Depuis bientôt un an, le coronavirus touche notre pays de plein fouet. Ce que certains désignaient comme une simple gripette en février 2020 s’est en réalité avéré bien plus dangereuse. Depuis un an, un peu plus de 20.000 de nos citoyens sont décédés de cette terrible maladie qui touche davantage les personnes les plus âgées mais qui peut, aussi, frapper au hasard. Nos vies sont aujourd’hui complètement chamboulées et la situation sanitaire actuelle risque de perdurer encore de nombreuses semaines. Alors que l’on pensait le gros de la crise derrière nous, les variants britannique et sud-africain font craindre le pire, eux qui semblent être plus contagieux et non moins mortels. Et certains experts avancent déjà l’idée d’une troisième vague. Pourtant, il y a des raisons de garder espoir et de positiver.

1. La vaccination a commencé

Entamée le 28 décembre, la vaccination en est encore à ses balbutiements mais elle a le mérite d’exister.
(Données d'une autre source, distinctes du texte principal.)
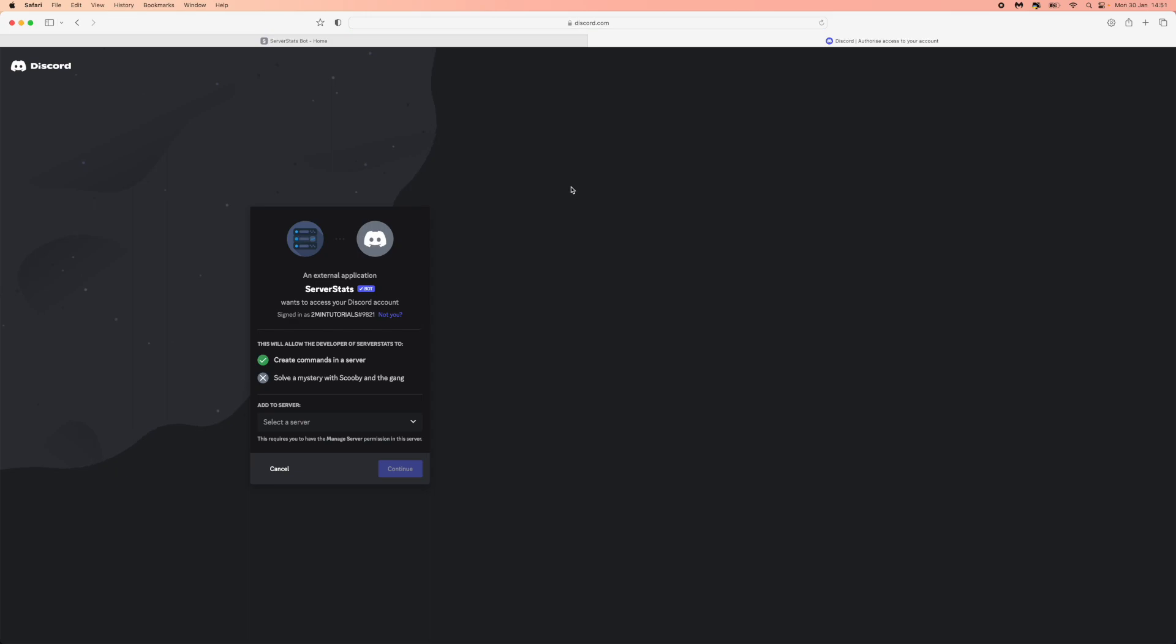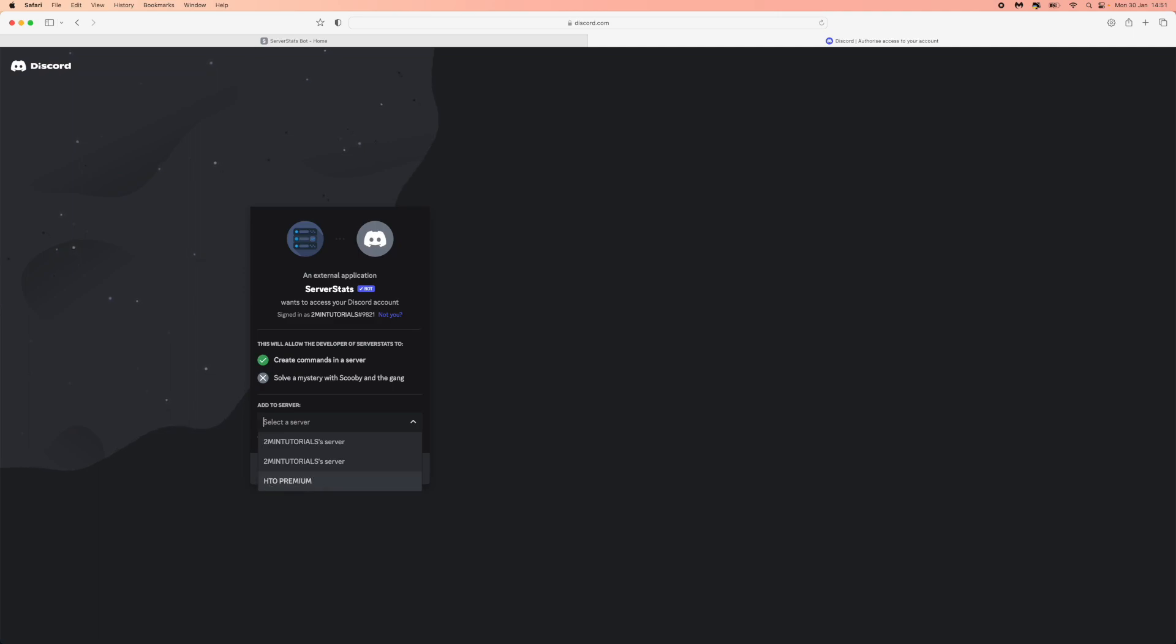Once you click on invite bot, you will need to choose a server that you want it to be a part of, so just choose one from this dropdown menu right here. Once you do that, you can click on continue.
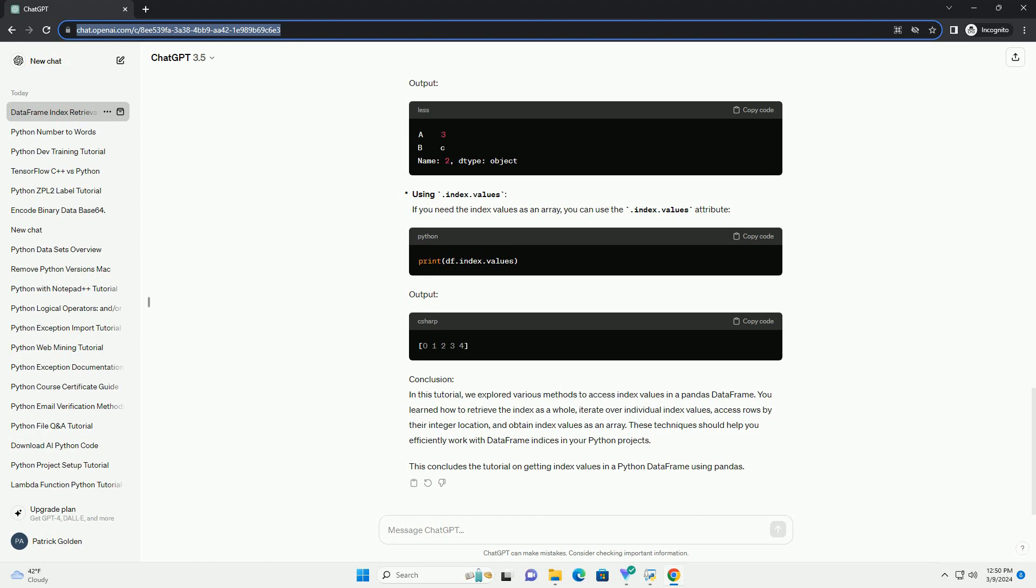These techniques should help you efficiently work with data frame indices in your Python projects. This concludes the tutorial on getting index values in a Python data frame using pandas.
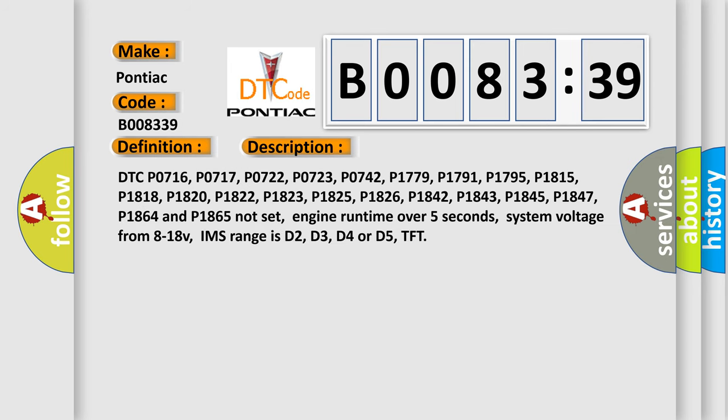Related DTC codes that must not be set include: P0716, P0717, P0722, P0723, P0742, P1779, P1791, P1795, P1815, P1818, P1820, P1822, P1823, P1825, P1826, P1842, P1843, P1845, P1847, P1864, and P1865.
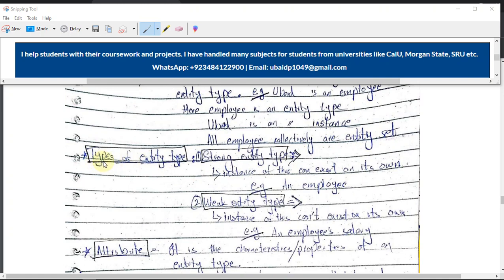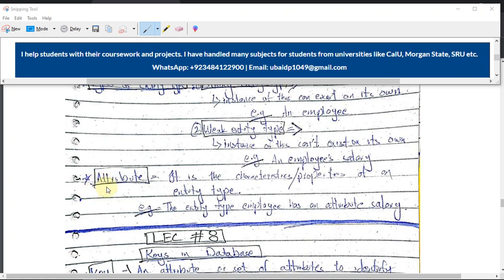There are two types of entity types. First, the strong entity type, which can exist on its own — for example, 'Employee'. Second, the weak entity type, which is dependent on the strong entity type and cannot exist on its own. For example, 'Salary' is a weak entity because if an employee isn't working in any organization, they can't get a salary.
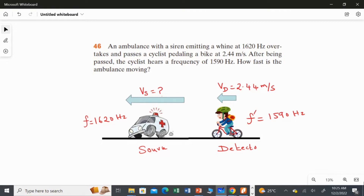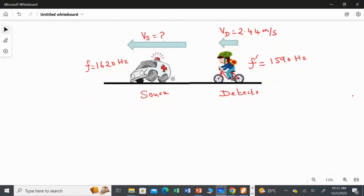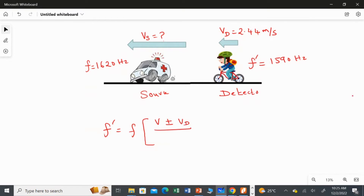Now we are going to use the Doppler effect rule. The general formula for the Doppler effect, as we already studied, is: f-dash equals f multiplied by (v plus or minus v_d) over (v plus or minus v_s), where v_d is the speed of the detector and v_s is the speed of the source.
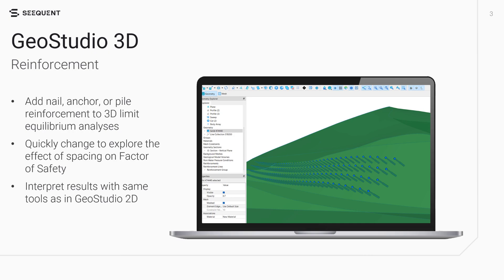This provides the ability to quickly test the effect of reinforcement spacing on the calculated factor of safety by changing the spacing parameters of the array and regenerating the reinforcement. The results are conveniently inspected using the same tools as in GeoStudio 2D. This enhancement provides greater flexibility and accuracy in modeling reinforcement scenarios.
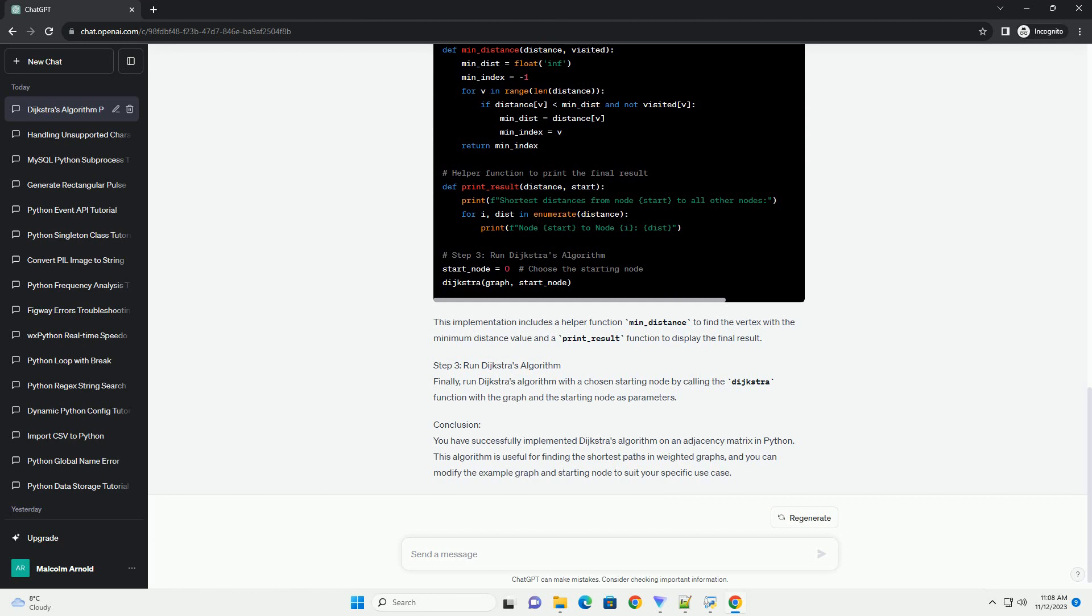This matrix represents a graph with 9 nodes, and the values in the matrix represent the weights of the edges between nodes. A value of 0 indicates no direct connection between the nodes.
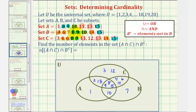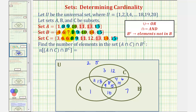We're not quite done yet. Notice the universal set contains the whole numbers one through 20. The number two is not in sets A, B, or C, so two would be in the universal set outside the circles. Five is also not in A, B, or C, so five is in the universal set. And 16 through 20 are not in sets A, B, or C, so they would also be in the universal set: 16, 17, 18, 19, and 20.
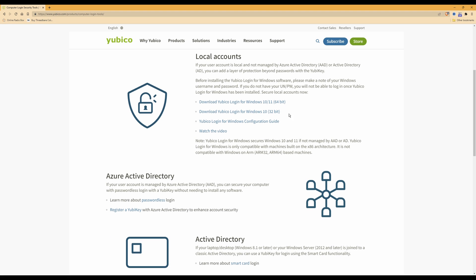From here you need to select either Download Yubico Login for Windows 10 and 11 64-bit or Download Yubico Login for Windows 10 32-bit. As I am using Windows 11, I will be selecting Download Yubico Login for Windows 10-11 64-bit. Once you have clicked on that, you need to save it somewhere locally on your PC where you can access it. Just click Save and it should download it.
En un mois, 192.117 citoyens ont reçu la première dose, selon les chiffres de Sciensano arrêtés au 24 janvier. Certes c’est peu à l’échelle du pays – cela représente à peine un peu plus de 2 % de la population belge – mais ces chiffres devraient connaître une croissance exponentielle dans les prochaines semaines, lorsque le retard de Pfizer sera résorbé. L’autre bonne nouvelle, c’est que ce sont les personnes les plus vulnérables qui sont vaccinées en premier. Nos seniors les plus fragilisés étant peu à peu vaccinés, on devrait enregistrer une diminution importante des courbes, si pas des contaminations, au moins des décès dans les prochaines semaines.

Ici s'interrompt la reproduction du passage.